The Daily Telegraph led with a startling eight-column headline "Milosevic must go, says Blair." The removal of Milosevic has not so far been an official NATO war aim, but the paper claimed that the British prime minister and Clinton have "changed tack." The basis for this assertion appeared a little weak. It was that Blair, speaking Sunday on American TV, said Milosevic was "a significant problem" and that it is "extremely difficult to contemplate" Kosovar Albanians living in future under his rule. The Times of London led, rather surprisingly, with the ecological fallout from NATO's bombing of a Serbian oil refinery. "Poison cloud engulfs Belgrade," said the paper's main front-page headline over a warning of "an ecological disaster." The Daily Telegraph ran the same story on an inside page, saying that Strauss' "Beautiful Blue Danube" has gone black.
Germany's Die Welt led Monday with a prediction of a new wave of Serb brutality against Albanian Kosovars. Under this was a photograph of Berlin's historic parliament building, the Reichstag, which reopened Monday 66 years after the notorious fire that tightened Hitler's grip on power. But the joyous reopening was marred by an acrimonious row over its redesign by the British architect Norman Foster. Stern magazine complained that "Foster's airport aesthetic with neon lights and metallic gray" dominates the building's new interior, while Die Welt Sunday attacked its "banality" and its "chilly, almost antiseptic" atmosphere.
The Financial Times of London said Monday that Albania was trying to get diplomatic advantage from its acceptance of more than 320,000 Kosovar refugees by demanding quick entry into the European Union, overriding the usual criteria for membership. The Daily Telegraph dwelt on the Pentagon's anger with NATO headquarters in Brussels for providing false evidence to the world's media on the bombing of the refugee convoy in Kosovo. In Monday's National Post of Canada, historian Michael Bliss of the University of Toronto wrote a searing condemnation of the Kosovo war, predicting among other things that the Americans would never again agree to lead future wars by committee. "The country that does most of the fighting and pays most of the bills will from now on call the tune, looking to its own interests," he said. "Whether the United States will have a taste for the long haul in the Balkans, or will withdraw from Europe to protect its clearer national interests, hangs in the balance."

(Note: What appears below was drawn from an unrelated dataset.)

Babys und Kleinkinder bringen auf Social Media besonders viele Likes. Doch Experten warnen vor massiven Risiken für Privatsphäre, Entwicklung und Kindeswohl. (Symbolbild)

A Londoner named Slobodan Milosevic has protested to the British Press Complaints Commission about media persecution, according to the Daily Telegraph Saturday. In a formal complaint to the newspaper industry's self-regulatory body, Milosevic (who has lived in Britain for 19 years and calls himself Dan) listed at least a dozen news organizations that have been camping on his doorstep or otherwise pestering him, his family, and his east London neighbors since the NATO bombing of Yugoslavia began. He told the PCC that he wishes to "state categorically" that he is not related to the president of Yugoslavia, has no links with any of the former Yugoslav republics, and does not want to discuss his views on the Balkans with anyone. The PCC said it would investigate.

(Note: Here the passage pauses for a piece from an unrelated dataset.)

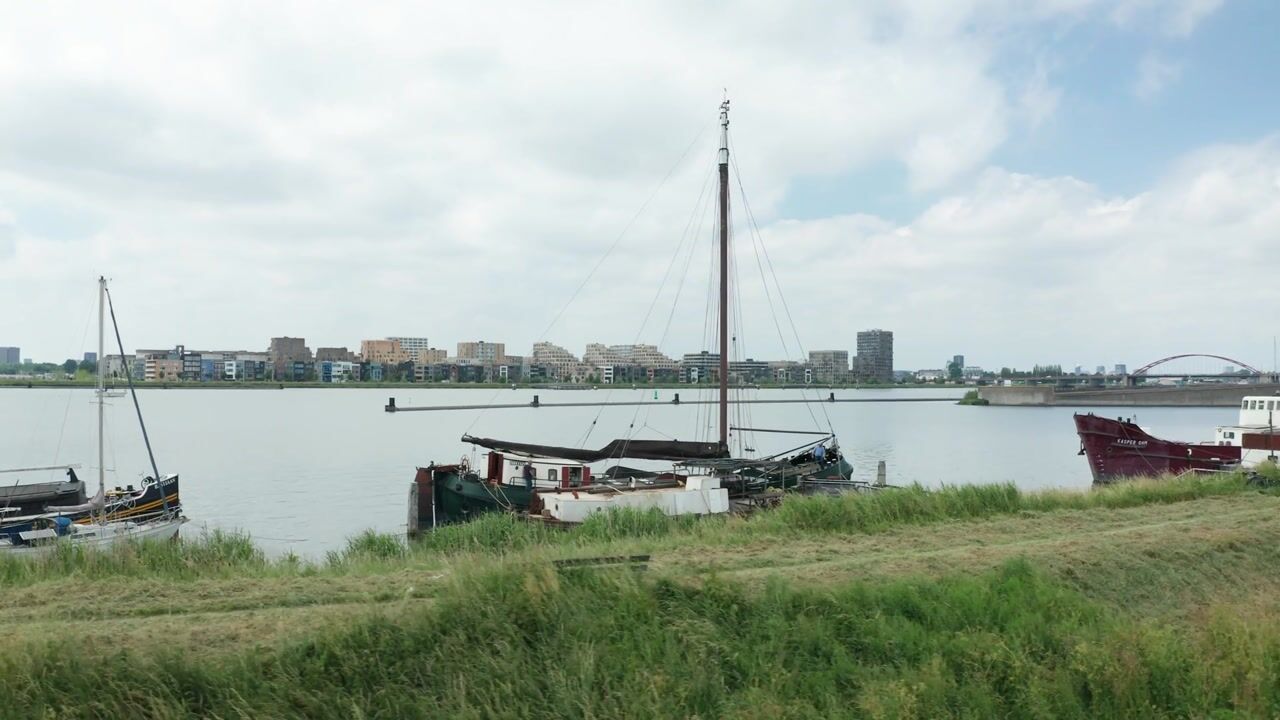 Bekijk video van Durgerdammerdijk 1009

The Times of London announced on its front page Saturday that Monica Lewinsky is planning to move to Britain. Quoting "her friend and confidant" Sir Ian McKellen, the Oscar-nominated actor, the paper said she was going to live there because the press and public are more sympathetic toward her in Britain. "She has complained about constant harassment from the American press which characterises her as an overweight sex-crazed seductress," the Times explained.